START Exercise data

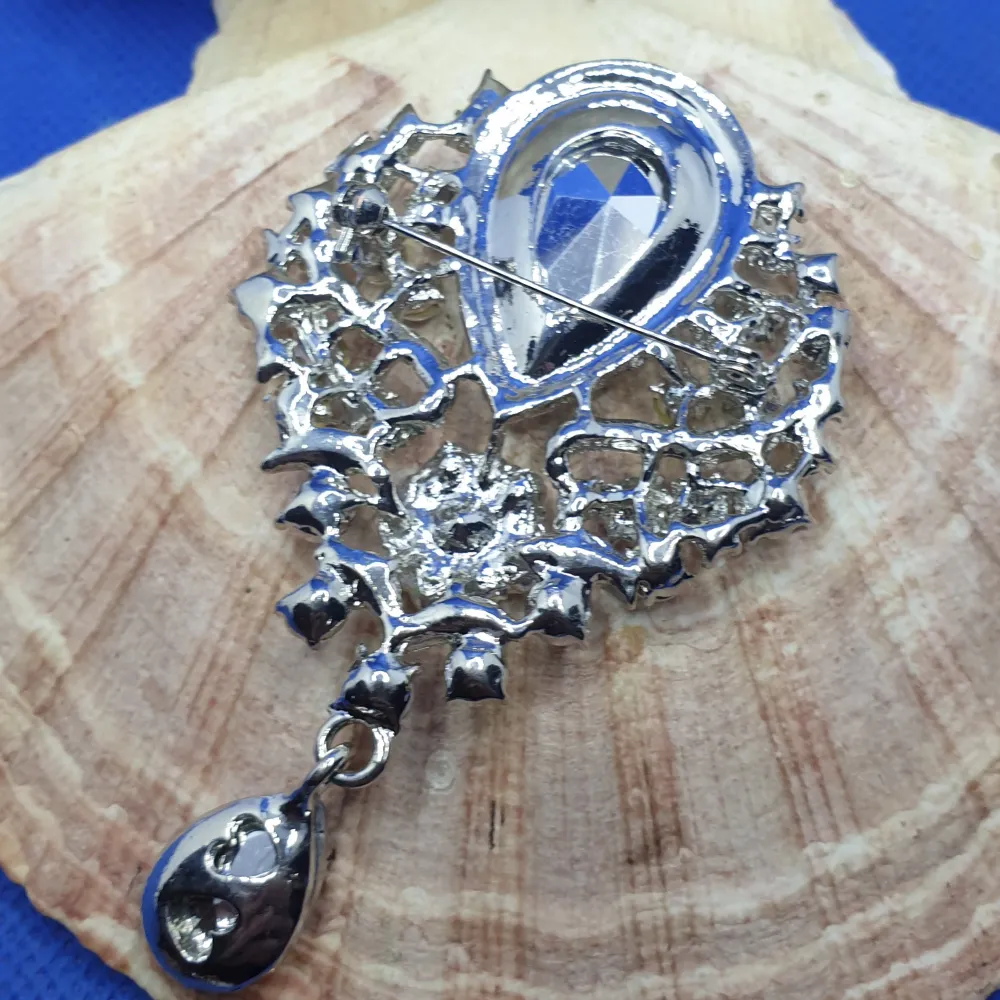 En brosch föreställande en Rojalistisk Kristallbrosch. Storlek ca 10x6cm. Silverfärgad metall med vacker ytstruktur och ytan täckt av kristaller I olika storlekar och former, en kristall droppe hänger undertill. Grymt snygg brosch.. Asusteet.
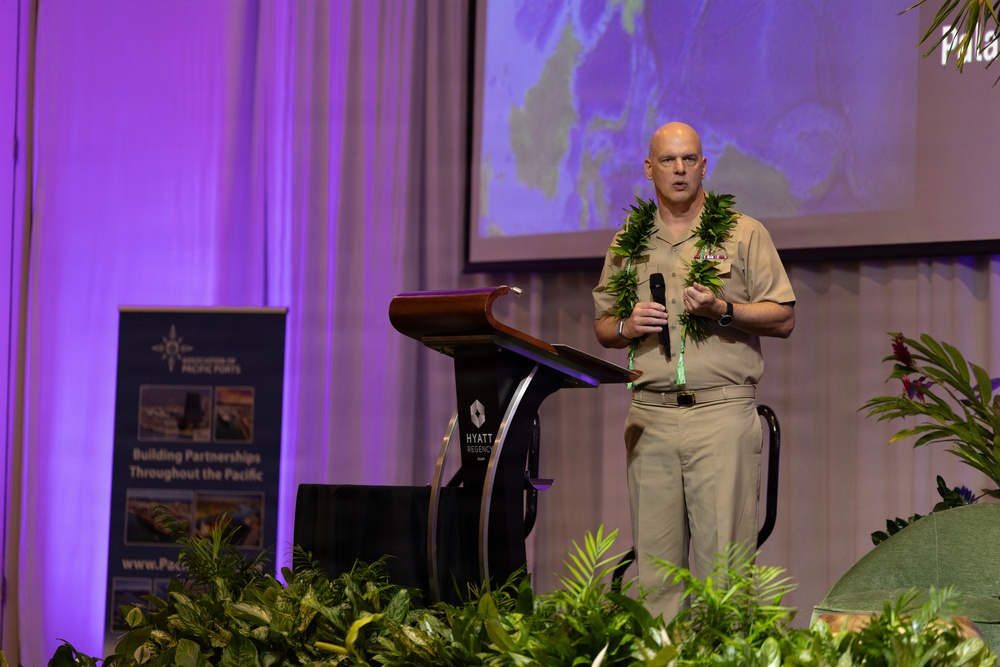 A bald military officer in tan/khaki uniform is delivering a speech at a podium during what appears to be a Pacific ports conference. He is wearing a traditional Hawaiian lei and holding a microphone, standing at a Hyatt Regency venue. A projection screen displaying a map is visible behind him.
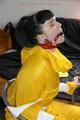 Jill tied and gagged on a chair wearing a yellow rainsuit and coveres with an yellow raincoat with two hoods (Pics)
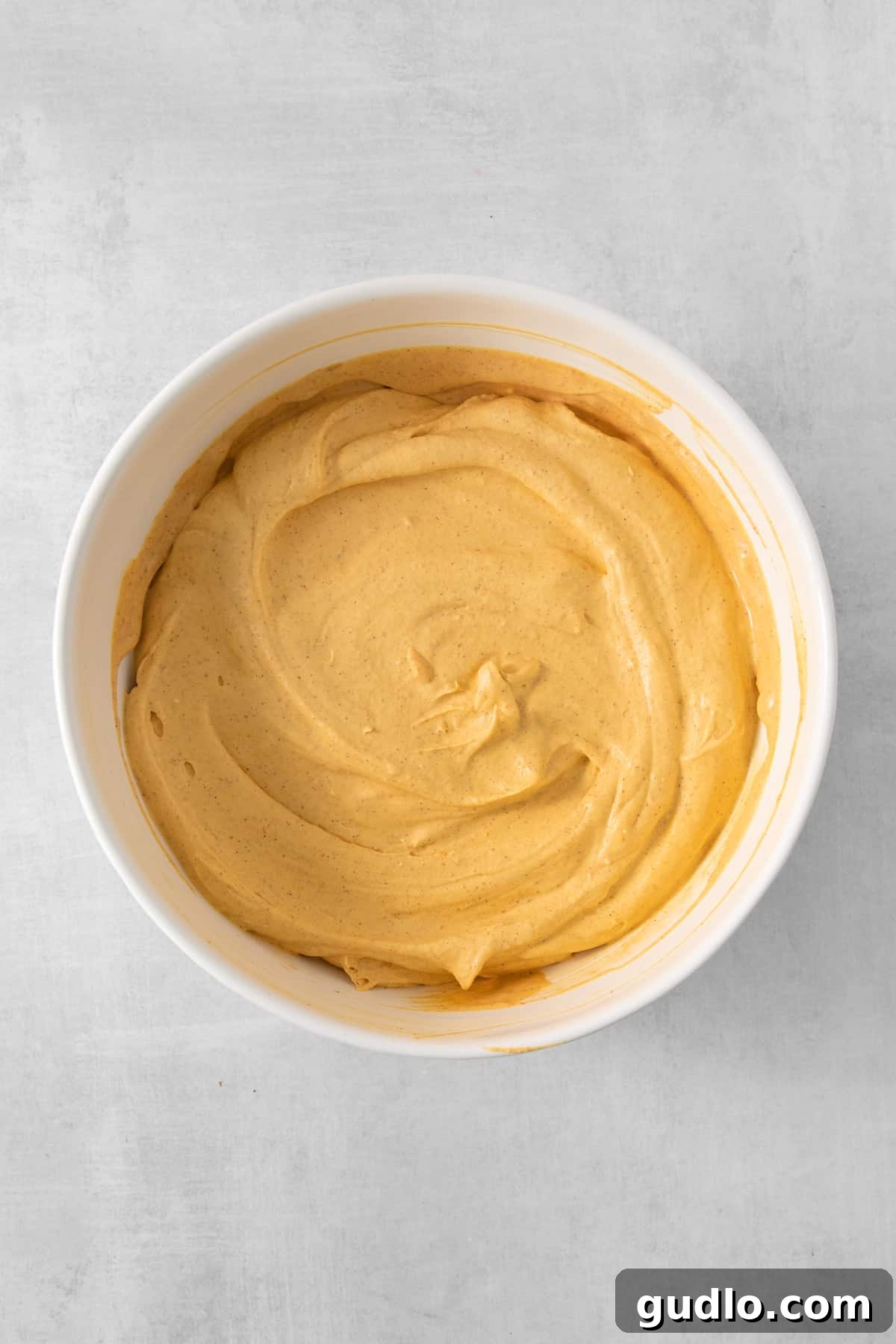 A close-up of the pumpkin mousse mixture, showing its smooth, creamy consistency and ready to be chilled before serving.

END Exercise data

Task directions: Look above for the line containing "Jill tied and"; output that line and all lines after it through the last one exactly, without the pictures.

Solution below:
 Jill tied and gagged on a chair wearing a yellow rainsuit and coveres with an yellow raincoat with two hoods (Pics)
 A close-up of the pumpkin mousse mixture, showing its smooth, creamy consistency and ready to be chilled before serving.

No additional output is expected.